Marc: I agree with the general sentiment of my colleagues but think there may be a few more opportunities than they mentioned. I tend to think Mai will at some point this season see some first team action and probably has the best chance to play meaningful minutes. If Boateng, Hummels or Süle pick up an injury, he will almost certainly come into the squad. That being said, the remaining players will likely only see time in competitions that are “over” to give the senior players rest. For instance, if Bayern have clinched first place in their Champions League group, I wouldn’t be surprised to see a few players in the last game or two. The same is true for the Bundesliga, if and when the league has been clinched. Apart from that, it would take plague of injuries for anyone to get an opportunity.

(Image: Francisco Leong/AFP/Getty Images)

Our third question comes from @harishb997 on twitter. “How has Kovac adapted to his predecessors tactics? What changes has he instilled?”

Maurice: I think the biggest change is the change of mind and attitude on the pitch. Kovac seems to push the right buttons and talk about the right topics in team meetings. The team has been on point in most matches.

Dennis: More verticality and a higher focus on the half-spaces in possession. More intensity in the gegenpressing after losing the ball. And being able to keep control of the game when getting some rest while dropping deeper without the ball. Willingness to rotate and be adaptable to the situation. I have to admit, that’s a whole lot more than what I imagined Kovac could implement when I heard that he’ll be the next Bayern coach. Chapeau.

Tobias H.: I think the biggest changes Kovac made were the mentality in terms of defensive work and the pressing. Bayern now looks well-structured when the opponent has the ball. They can variate the height and intensity of the pressing which makes them harder to overcome. Furthermore, in possession he implemented a more vertical style. Still, Bayern´s shape in possession looks good and helps them to counterpress. However, Bayern’s counterpressing hasn’t look perfect all the time. Especially, when they try to attack more quickly there is the risk of losing their good positioning which results in a worse counterpressing.
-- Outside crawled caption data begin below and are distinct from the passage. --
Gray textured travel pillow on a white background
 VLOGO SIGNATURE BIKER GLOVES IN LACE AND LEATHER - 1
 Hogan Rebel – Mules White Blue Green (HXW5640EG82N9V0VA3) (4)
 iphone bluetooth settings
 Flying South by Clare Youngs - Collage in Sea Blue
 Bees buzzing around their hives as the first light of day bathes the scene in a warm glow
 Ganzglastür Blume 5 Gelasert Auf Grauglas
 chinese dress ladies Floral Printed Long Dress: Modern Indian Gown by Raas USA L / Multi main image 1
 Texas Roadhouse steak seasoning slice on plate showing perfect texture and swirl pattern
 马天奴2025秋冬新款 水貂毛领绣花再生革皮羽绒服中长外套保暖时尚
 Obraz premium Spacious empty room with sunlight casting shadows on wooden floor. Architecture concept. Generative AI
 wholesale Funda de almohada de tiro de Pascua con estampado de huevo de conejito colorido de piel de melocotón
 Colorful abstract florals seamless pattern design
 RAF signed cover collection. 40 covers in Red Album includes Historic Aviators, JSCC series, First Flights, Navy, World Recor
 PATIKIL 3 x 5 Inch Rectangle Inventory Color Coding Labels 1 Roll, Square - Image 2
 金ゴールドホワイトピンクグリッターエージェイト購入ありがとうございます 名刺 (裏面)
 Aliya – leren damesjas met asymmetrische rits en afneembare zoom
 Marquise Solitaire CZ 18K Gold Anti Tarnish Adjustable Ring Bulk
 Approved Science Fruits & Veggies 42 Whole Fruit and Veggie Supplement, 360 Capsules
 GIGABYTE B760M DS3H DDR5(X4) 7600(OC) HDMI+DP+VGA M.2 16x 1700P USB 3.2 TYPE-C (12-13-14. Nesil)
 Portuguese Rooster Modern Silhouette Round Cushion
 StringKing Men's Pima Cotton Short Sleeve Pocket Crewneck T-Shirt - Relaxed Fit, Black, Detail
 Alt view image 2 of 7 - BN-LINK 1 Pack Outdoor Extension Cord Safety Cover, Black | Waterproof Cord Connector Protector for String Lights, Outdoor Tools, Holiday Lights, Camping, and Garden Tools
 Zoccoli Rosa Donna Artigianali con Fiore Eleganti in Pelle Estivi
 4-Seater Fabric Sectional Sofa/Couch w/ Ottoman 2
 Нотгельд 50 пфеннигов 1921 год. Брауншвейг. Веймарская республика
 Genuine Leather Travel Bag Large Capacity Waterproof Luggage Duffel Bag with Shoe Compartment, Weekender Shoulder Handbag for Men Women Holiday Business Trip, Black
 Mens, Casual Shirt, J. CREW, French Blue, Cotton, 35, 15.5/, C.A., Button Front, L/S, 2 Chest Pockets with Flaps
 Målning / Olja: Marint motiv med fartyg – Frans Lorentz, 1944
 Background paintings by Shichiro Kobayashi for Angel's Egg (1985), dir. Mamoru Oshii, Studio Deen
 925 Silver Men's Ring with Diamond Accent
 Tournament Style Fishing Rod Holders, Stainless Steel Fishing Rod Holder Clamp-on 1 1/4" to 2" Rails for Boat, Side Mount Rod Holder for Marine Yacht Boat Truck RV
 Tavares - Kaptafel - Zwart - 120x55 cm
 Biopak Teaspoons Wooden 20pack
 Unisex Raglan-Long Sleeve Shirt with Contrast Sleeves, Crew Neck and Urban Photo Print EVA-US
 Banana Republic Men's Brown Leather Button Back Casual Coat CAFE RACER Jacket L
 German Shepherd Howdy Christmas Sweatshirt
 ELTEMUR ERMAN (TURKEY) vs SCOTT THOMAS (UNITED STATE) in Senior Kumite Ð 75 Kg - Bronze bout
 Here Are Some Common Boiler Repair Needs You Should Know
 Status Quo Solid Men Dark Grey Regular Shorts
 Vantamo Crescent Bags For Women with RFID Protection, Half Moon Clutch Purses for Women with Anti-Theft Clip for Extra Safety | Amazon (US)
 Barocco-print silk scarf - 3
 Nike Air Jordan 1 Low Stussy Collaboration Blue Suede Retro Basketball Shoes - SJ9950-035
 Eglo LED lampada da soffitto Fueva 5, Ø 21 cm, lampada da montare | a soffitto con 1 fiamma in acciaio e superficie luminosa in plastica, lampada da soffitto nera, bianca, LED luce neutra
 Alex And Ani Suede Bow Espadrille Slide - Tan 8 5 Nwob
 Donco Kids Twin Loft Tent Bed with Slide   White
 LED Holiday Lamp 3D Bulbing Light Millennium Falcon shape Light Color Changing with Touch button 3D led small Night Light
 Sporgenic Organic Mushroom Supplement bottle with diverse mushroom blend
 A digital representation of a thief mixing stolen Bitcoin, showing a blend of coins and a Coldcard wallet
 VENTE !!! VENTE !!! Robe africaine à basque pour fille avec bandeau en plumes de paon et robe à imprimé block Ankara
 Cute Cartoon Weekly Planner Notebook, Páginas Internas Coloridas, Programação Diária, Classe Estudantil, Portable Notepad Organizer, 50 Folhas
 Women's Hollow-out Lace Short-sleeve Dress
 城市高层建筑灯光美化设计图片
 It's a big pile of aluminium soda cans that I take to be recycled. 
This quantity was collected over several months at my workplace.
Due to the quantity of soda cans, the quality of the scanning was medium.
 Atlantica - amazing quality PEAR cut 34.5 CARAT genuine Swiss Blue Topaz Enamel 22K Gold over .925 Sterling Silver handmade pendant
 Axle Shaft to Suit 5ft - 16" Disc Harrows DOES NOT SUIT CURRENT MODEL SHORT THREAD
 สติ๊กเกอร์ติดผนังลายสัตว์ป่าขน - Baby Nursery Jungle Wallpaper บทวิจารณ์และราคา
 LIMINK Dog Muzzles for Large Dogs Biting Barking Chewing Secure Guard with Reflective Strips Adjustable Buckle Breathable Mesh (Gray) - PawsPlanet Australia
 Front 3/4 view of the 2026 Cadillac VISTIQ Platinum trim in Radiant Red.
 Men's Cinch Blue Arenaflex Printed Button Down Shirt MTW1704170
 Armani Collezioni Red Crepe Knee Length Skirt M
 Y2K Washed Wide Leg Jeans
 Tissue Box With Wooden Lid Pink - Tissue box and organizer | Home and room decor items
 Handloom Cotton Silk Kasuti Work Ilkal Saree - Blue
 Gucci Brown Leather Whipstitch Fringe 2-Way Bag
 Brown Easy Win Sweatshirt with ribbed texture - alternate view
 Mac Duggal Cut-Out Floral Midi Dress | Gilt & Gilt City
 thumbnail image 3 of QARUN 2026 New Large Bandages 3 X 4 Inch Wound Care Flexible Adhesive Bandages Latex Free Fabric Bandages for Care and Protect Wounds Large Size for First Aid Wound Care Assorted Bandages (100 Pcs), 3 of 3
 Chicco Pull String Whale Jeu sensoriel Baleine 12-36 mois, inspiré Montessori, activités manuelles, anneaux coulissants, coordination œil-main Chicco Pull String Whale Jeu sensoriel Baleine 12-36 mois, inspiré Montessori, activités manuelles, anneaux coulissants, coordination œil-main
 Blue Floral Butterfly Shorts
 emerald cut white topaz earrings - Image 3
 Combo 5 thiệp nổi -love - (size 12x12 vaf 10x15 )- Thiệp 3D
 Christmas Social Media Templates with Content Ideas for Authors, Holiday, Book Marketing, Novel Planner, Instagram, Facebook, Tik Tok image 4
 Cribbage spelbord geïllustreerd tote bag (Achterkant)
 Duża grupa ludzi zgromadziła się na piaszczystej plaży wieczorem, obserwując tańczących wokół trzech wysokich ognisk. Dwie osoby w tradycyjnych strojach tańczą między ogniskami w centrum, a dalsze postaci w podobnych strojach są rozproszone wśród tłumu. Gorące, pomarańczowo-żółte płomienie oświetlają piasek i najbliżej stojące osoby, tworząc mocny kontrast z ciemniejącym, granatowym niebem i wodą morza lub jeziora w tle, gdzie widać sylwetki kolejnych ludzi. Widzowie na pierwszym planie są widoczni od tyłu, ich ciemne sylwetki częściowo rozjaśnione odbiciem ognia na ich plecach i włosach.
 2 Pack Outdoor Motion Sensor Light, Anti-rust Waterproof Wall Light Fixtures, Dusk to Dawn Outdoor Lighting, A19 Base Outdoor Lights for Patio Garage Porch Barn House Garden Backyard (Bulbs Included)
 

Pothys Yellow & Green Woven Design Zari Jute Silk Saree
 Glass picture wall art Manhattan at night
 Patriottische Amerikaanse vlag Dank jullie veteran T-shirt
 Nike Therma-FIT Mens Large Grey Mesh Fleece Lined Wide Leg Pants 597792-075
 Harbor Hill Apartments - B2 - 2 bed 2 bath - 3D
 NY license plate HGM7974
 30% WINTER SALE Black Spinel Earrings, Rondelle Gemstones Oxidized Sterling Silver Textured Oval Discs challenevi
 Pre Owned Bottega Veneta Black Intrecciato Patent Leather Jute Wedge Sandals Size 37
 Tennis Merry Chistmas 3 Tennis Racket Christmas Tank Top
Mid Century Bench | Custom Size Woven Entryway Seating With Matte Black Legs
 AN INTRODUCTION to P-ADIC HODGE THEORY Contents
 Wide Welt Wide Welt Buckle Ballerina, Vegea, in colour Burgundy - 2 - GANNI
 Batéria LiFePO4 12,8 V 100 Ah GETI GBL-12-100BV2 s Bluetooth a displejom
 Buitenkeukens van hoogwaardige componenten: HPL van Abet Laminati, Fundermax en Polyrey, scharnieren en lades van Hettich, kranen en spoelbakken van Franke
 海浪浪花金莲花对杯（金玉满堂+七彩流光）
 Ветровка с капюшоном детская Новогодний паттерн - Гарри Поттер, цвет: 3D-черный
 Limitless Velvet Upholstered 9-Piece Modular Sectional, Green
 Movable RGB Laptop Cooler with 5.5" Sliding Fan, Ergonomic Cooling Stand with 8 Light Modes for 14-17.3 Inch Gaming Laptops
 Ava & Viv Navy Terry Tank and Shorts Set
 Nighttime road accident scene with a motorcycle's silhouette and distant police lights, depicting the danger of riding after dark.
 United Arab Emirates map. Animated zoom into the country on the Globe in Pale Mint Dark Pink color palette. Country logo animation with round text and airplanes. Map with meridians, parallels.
Marc: Kovac seems to have adapted his style to the squad he has and his predecessors formations thus far. While there was tons of speculation of a shift in system, probably an unrealistic task given the World Cup this summer, the overall shape is largely the same as the one being used in the recent past. The biggest differences to me seems to be the fitness of the squad, their directness, tenacity and passion. Comparing this team to the one that started under Ancelotti a year ago is night and day. The lethargy from that era have been replaced with energy and enthusiasm. While Kovac was known to be eloquent in the press box, many wondered how he would handle the players at a club like Bayern. While this hasn’t been completely answered, since they have not yet faced real controversy, so far he clearly has handled the players masterfully. To date, I think Nico Kovac has done as well as anyone could have asked and better than many expected.

(Image: Alexander Hassenstein/Getty Images for Paulaner)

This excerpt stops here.